Mok's characteristic varieties and the normal holonomy group

TL;DR

This paper classifies the normal holonomy groups of complex submanifolds in complex space forms, linking them to Hermitian s-representations and characteristic varieties, and characterizes submanifolds with reducible holonomy as joins of projective submanifolds.

Contribution

It completes the classification of normal holonomy groups for complex submanifolds, connecting them to Mok's characteristic varieties and describing geometric structures with reducible holonomy.

Findings

Irreducible non transitive holonomies are Hermitian s-representations.

Constructs submanifolds with prescribed holonomy groups.

Characterizes submanifolds with reducible holonomy as joins of projective submanifolds.

Abstract

In this paper we complete the study of the normal holonomy groups of complex submanifolds (non nec. complete) of Cn or CPn.
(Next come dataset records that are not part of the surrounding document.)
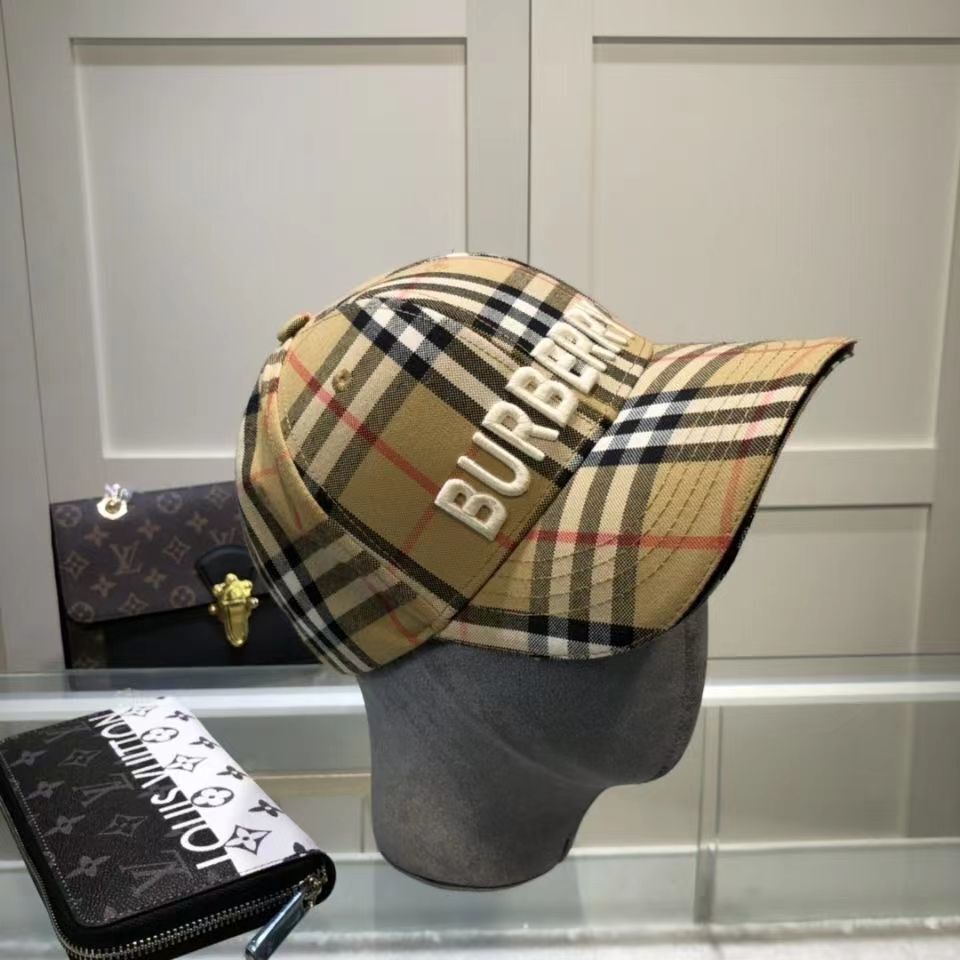 $42.99-LDN-687 BURBE gallery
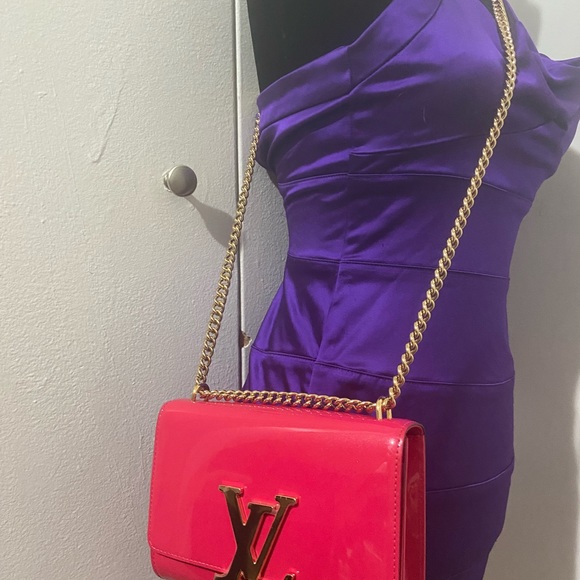 Lv - Picture 12 of 16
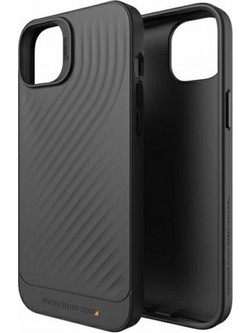 GEAR4 Copenhagen Iphone 14 Plus / 15 Plus 6.7'' Black - (51542)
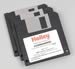 Holley 534-191 - Holley Commander 950 PRO Total Engine Management System Software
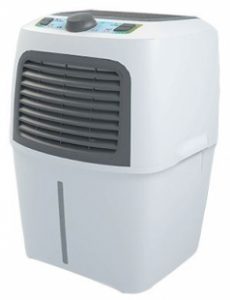 Fanline VE400-4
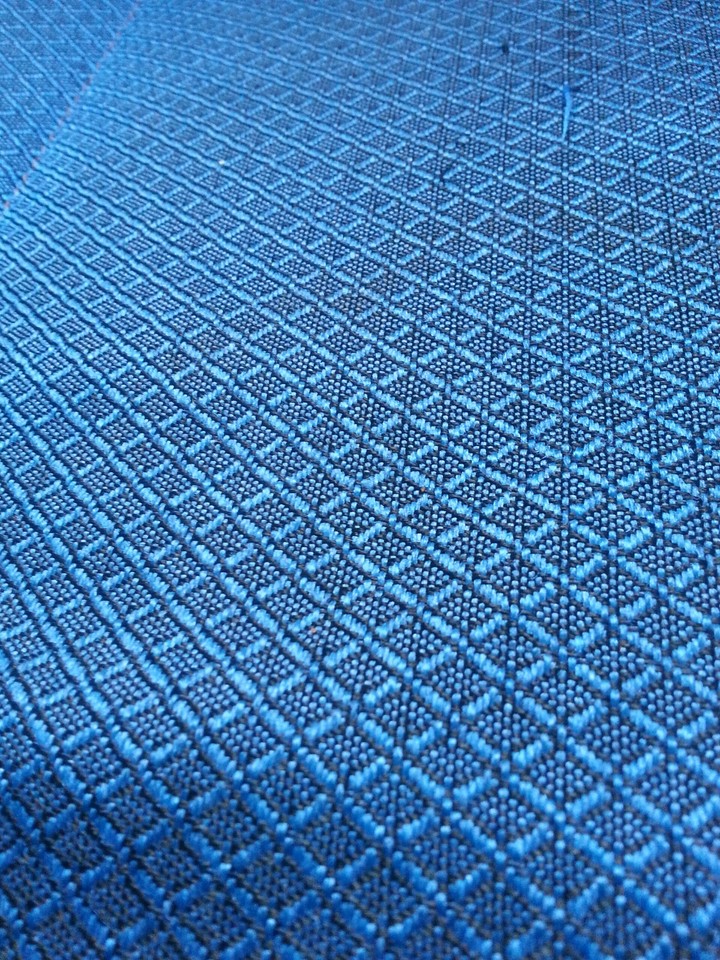 Quadrati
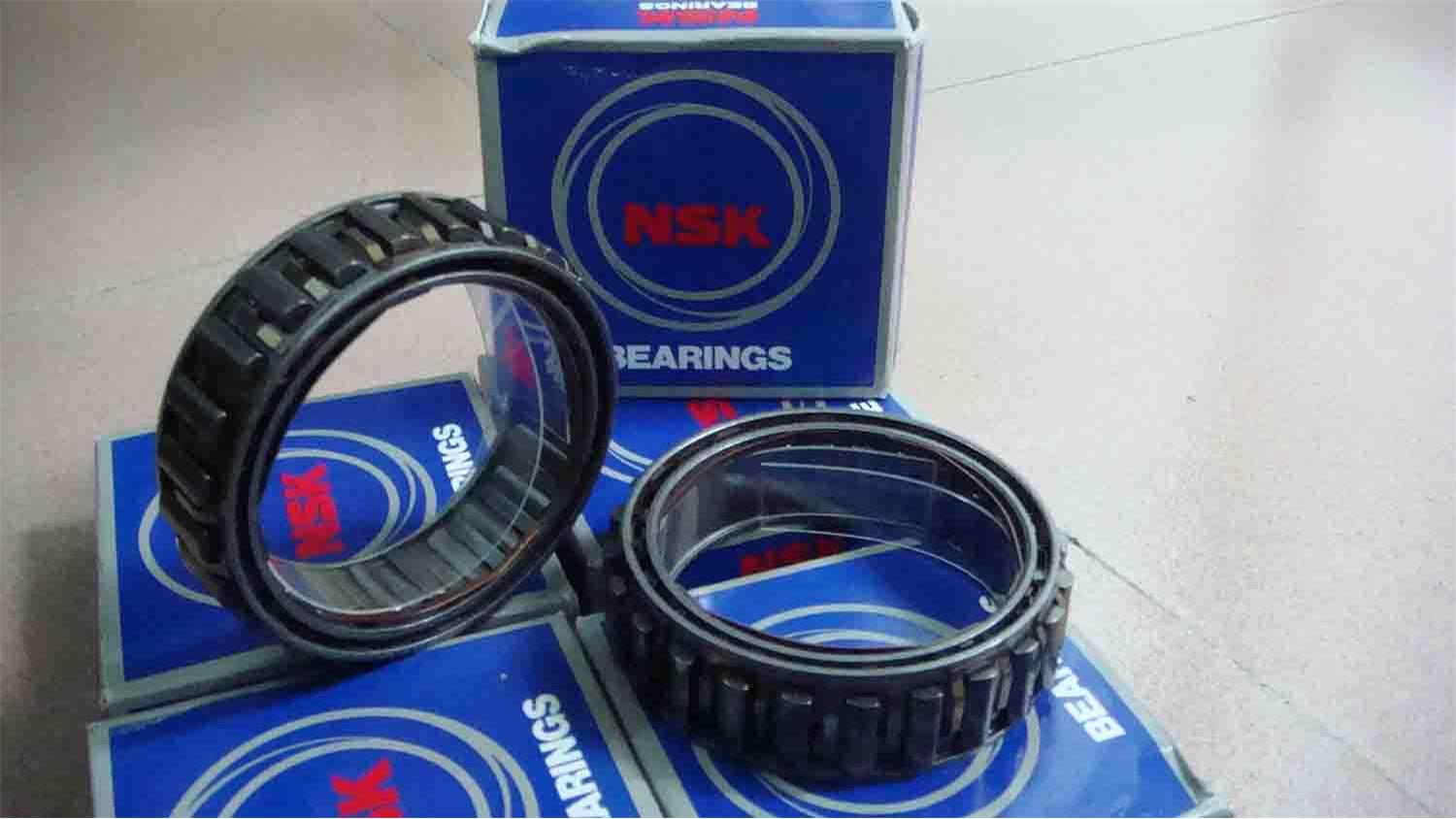 FAG/NSK/SKF0512-88187375 
ؼ:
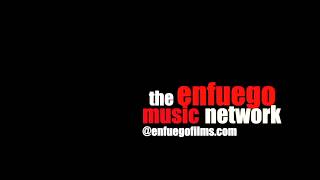 The Enfuego Indy Music Network Promo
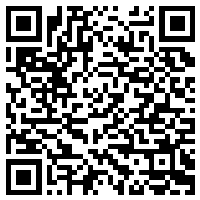 QR Code for bitcoin:bitcoin:bitcoin:bitcoin:bitcoin:bitcoin:MEosfer9G6dn6rAj5VdKh4iaLLFd3Umi5Z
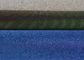 উচ্চ হিল জুতো উপাদান চিক্চিক মেষ আমদানি PU ফ্যাব্রিক বিবাহের ব্রাইডাল জন্য ব্যাক সরবরাহকারী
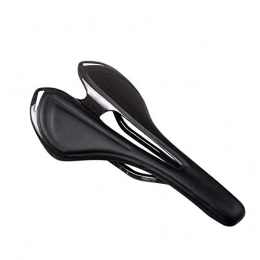 ANLD Spares ANLD Carbon fiber road bike hollow foreskin cushion long hollow breathable comfortable cushion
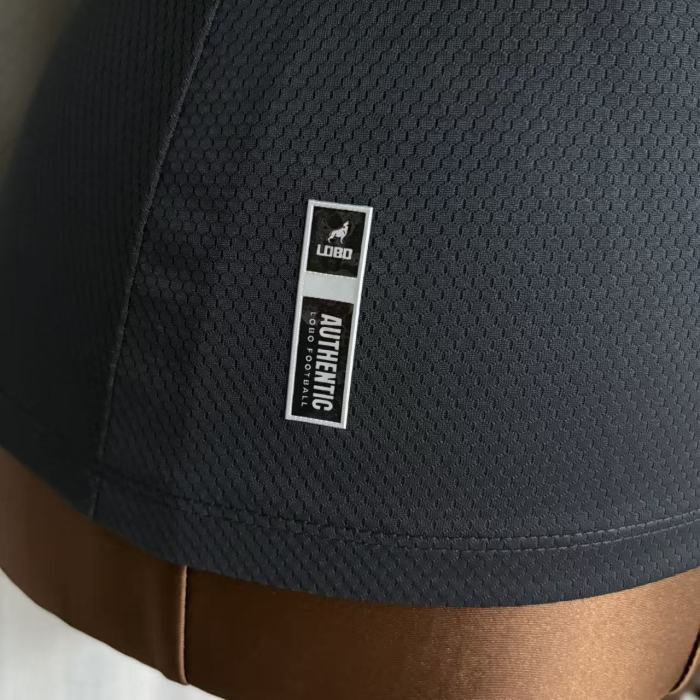 25/26 Women Paysandu  Third Jersey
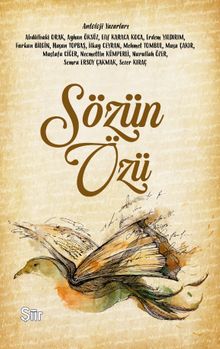 Sözün Özü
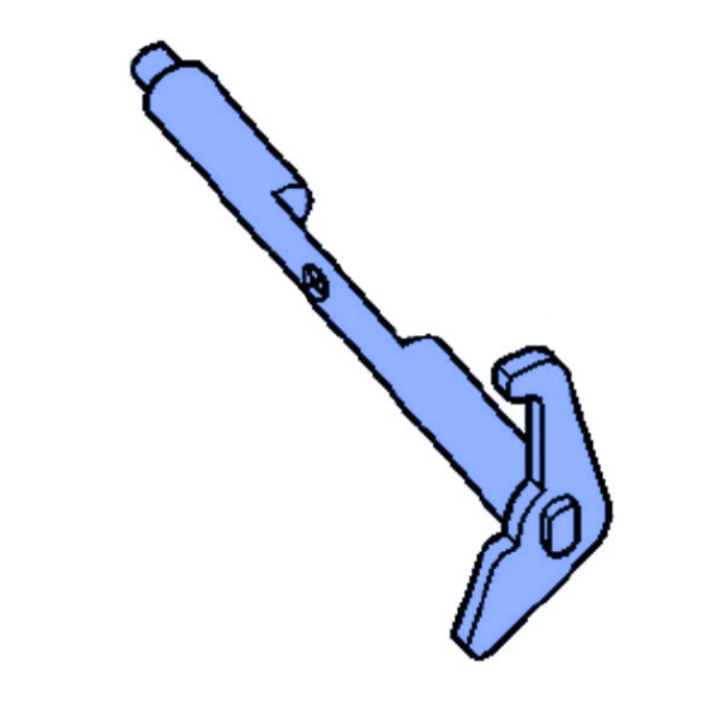 Axe dans le groupe  chez GPLSHOP (5372731-01)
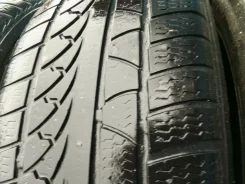 Petlas. ������, 2012 ���, �/�, ����� 60 % ����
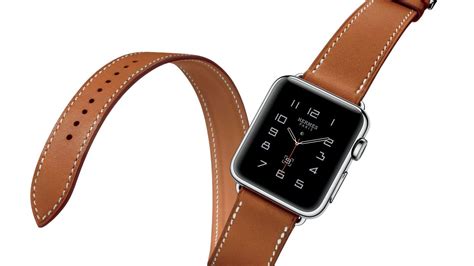 hermes apple bracelet|bracelet hermes apple watch.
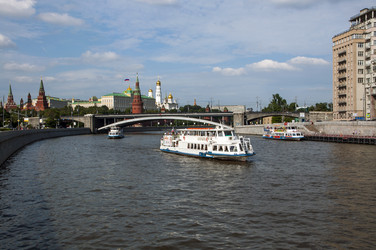 Similar image 22630416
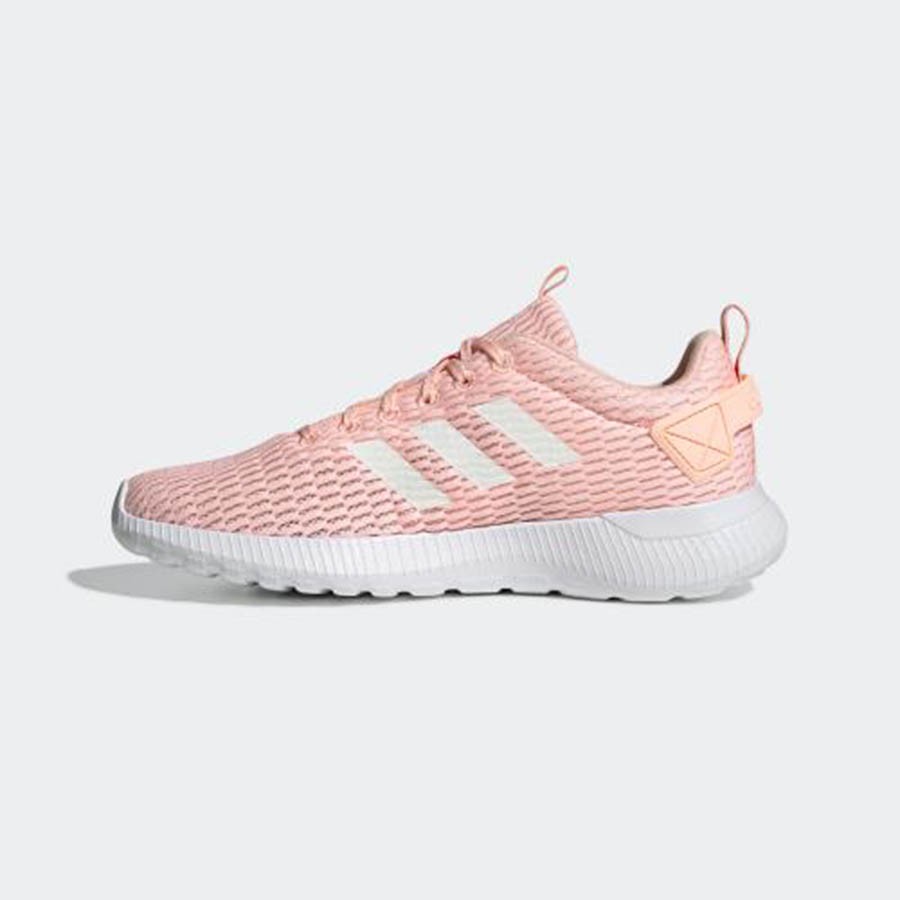 Giày Thể Thao Nữ Adidas Cloudfoam Lite Racer Climacool F36756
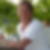 Photo de profil de Ludovic Le Bastard
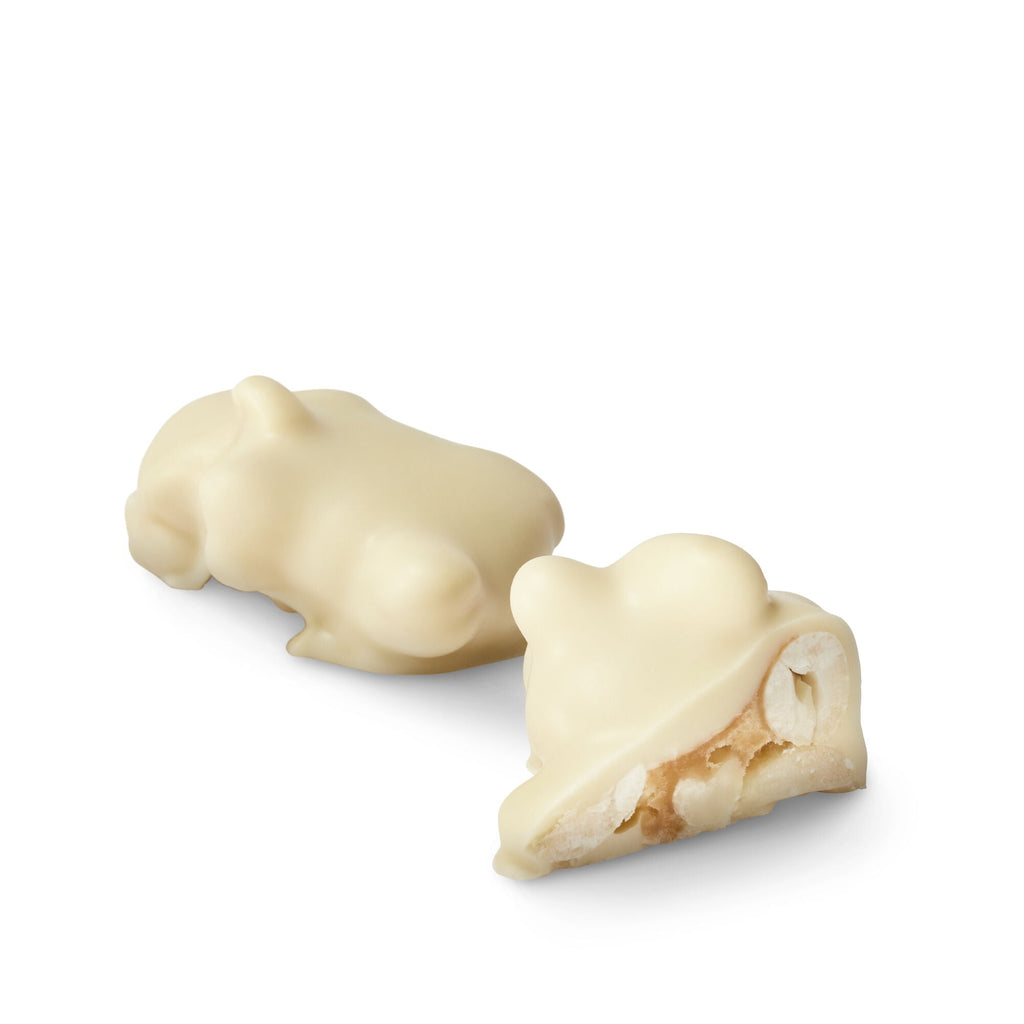 All Polar Bear Paw® Box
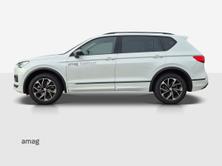 SEAT TARRACO MOVE FR 4DRIVE (netto), Diesel, Ex-demonstrator, Automatic - 2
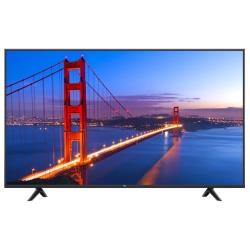 55" Телевизор Xiaomi Mi TV 4X 55 2018 LED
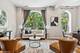 847 N Damen Unit 2F, Chicago, IL 60622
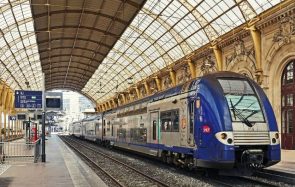 Voyage en train à petit prix cet été grâce à ce bon plan de la SNCF !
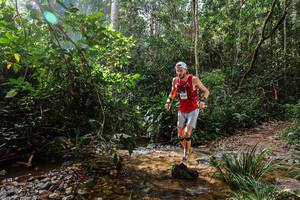 BIB: 026
                            <button type="button" onclick="openModal(22352597)" class="btn btn-primary btn-sm float-right btn-popup" data-toggle="modal" data-target=".modal-high-quality">
                        <i class="fas fa-shopping-cart"></i> Add to Cart
                    </button>
                                            <button type="button" onclick="isThisMe(22352597, true)" class="btn btn-success btn-sm float-right btn-popup btn-isme hidden" data-toggle="tooltip" data-placement="bottom" title="นี่คือรูปของคุณใช่ไหม คลิกที่นี่เพื่อเอาเข้าอัลบั้ม">
                        <i class="fas fa-plus"></i> Add to album
                    </button>
                    <button type="button" onclick="isThisMe(22352597, false)" class="btn btn-warning btn-sm float-right btn-popup btn-isnotme hidden">
                        <i class="fas fa-ban"></i> Remove from album
                    </button>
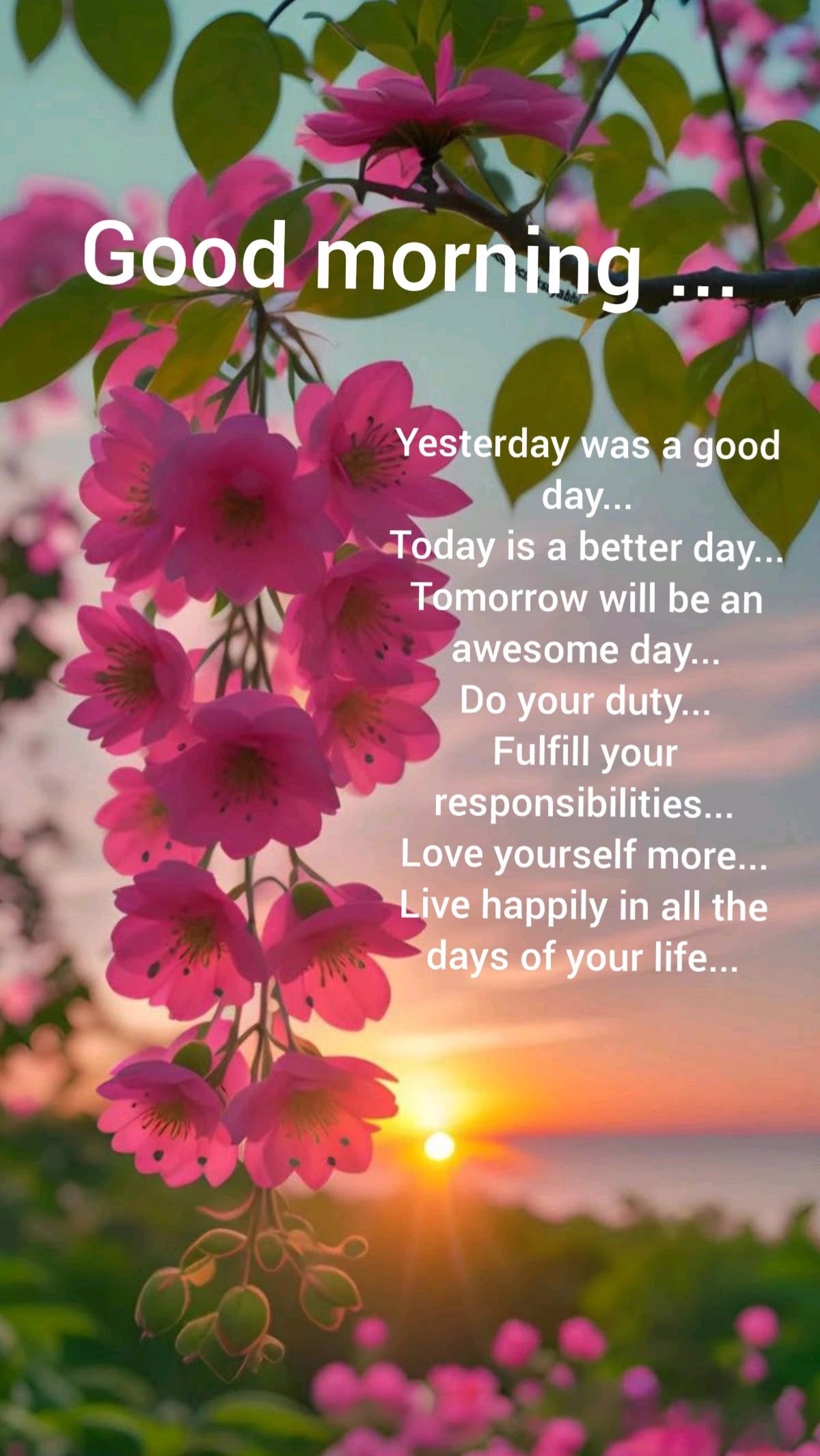 @justdeb_58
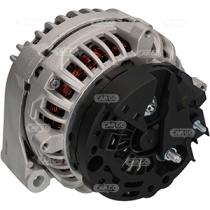 CARGO 114825 - ALTERNADOR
We show that irreducible but non transitive normal holonomies are exactly the Hermitian s-representations of [CD09, Table 1] (see Corollary 1.1). For each one of them we construct a non necessarily complete complex submanifold whose normal holonomy is the prescribed s-representation. We also show that if the submanifold has irreducible non transitive normal holonomy then it is an open subset of the smooth part of one of the characteristic varieties studied by N. Mok in his work about rigidity of locally symmetric spaces. Finally, we prove that if the action of the normal holonomy group of a projective submanifold is reducible then the submanifold is an open subset of the smooth part of a so called join, i.e. the union of the lines joining two projective submanifolds.